### Exercise
Restate word for word the lines from the one bearing "2026 Chrysler Voyager LX Crestwood KY" through the end of the entries below, and leave every picture out.

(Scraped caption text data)
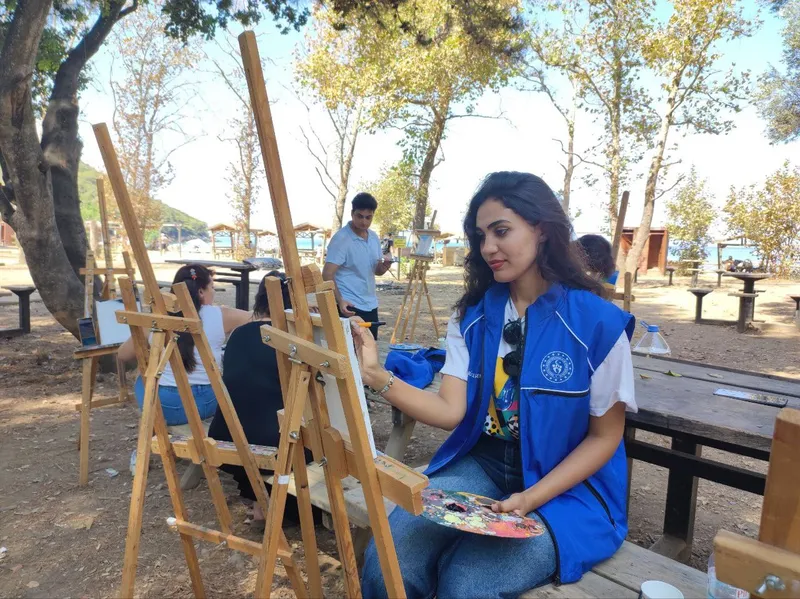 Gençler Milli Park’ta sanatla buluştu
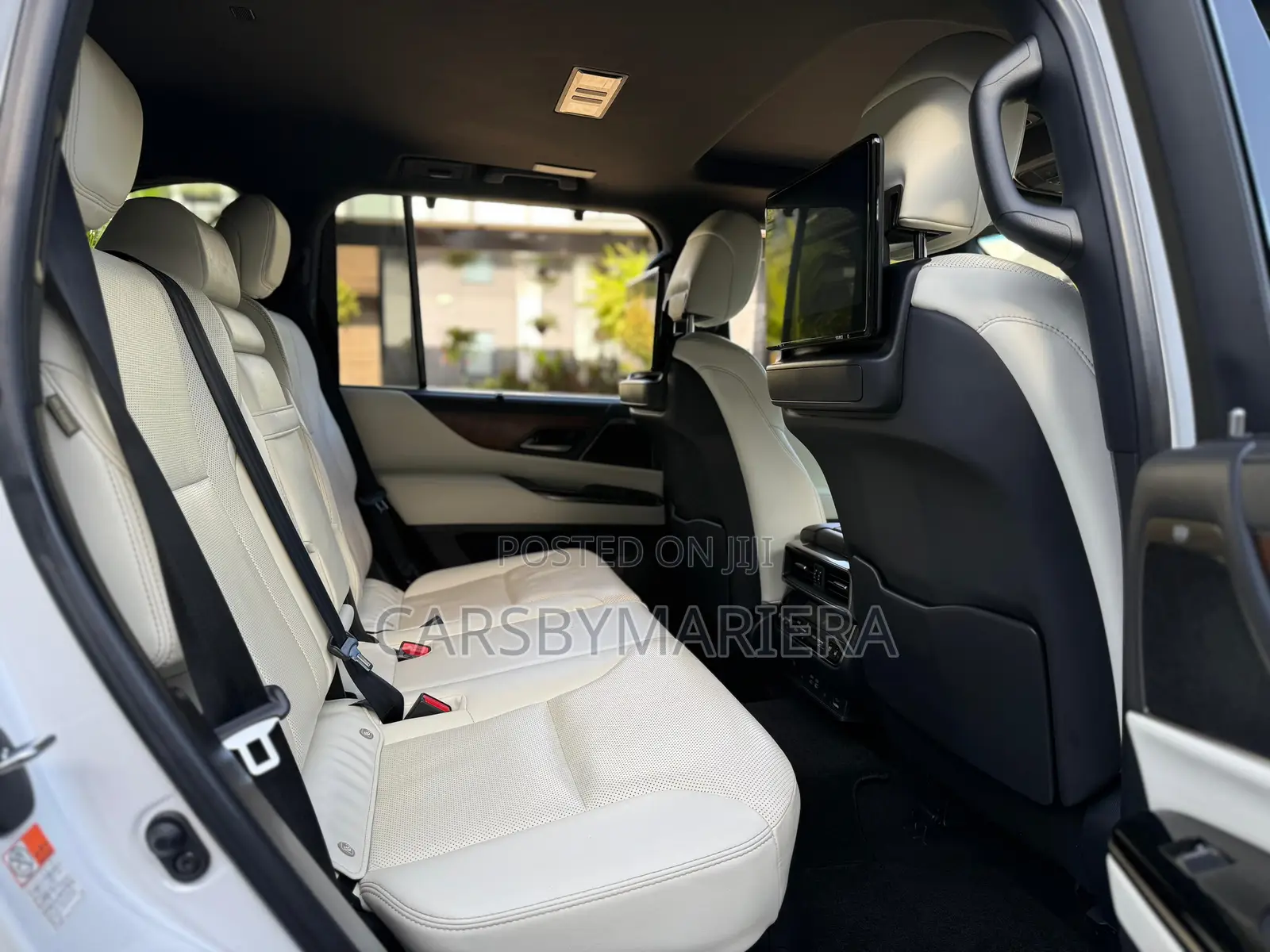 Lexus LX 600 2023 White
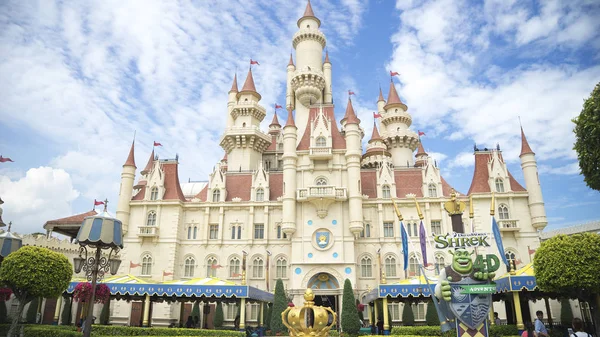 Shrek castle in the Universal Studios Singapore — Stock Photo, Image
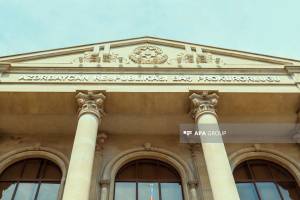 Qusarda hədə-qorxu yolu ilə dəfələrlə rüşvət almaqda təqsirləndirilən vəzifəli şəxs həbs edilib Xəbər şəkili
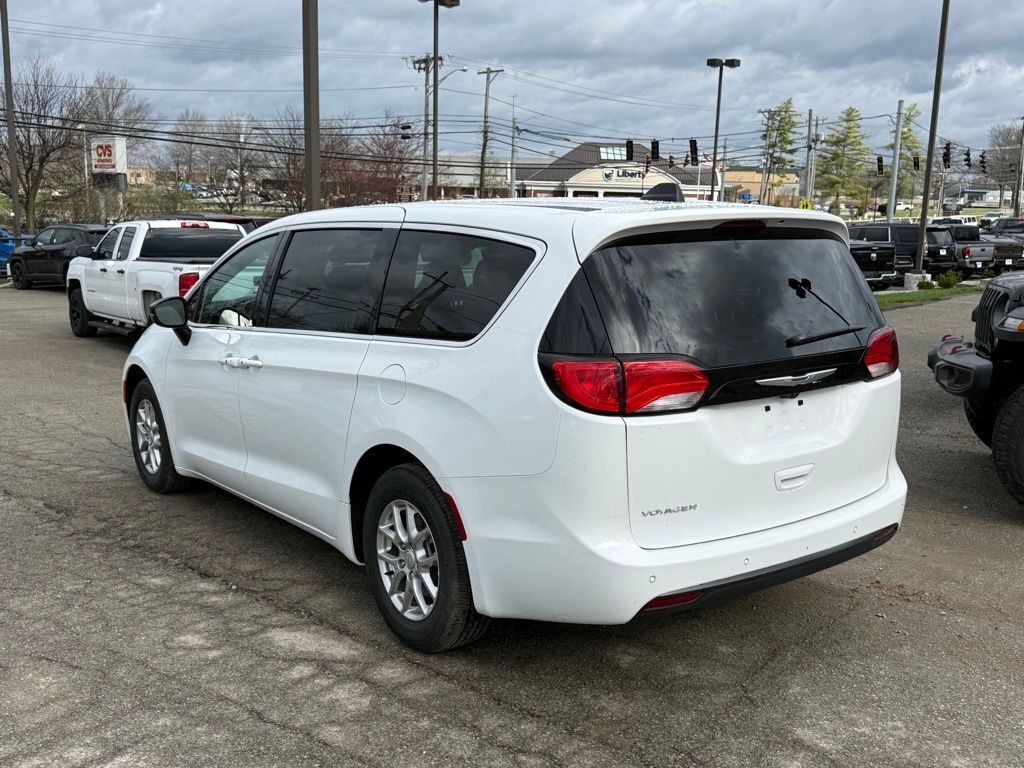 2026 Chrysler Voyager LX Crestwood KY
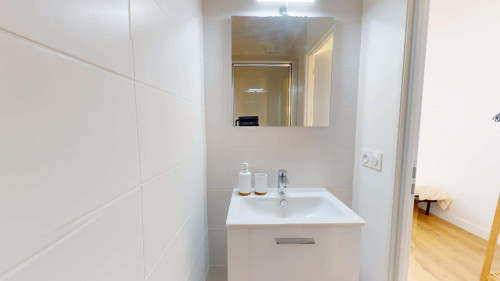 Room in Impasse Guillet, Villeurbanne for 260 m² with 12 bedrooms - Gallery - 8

### Response
 2026 Chrysler Voyager LX Crestwood KY
 Room in Impasse Guillet, Villeurbanne for 260 m² with 12 bedrooms - Gallery - 8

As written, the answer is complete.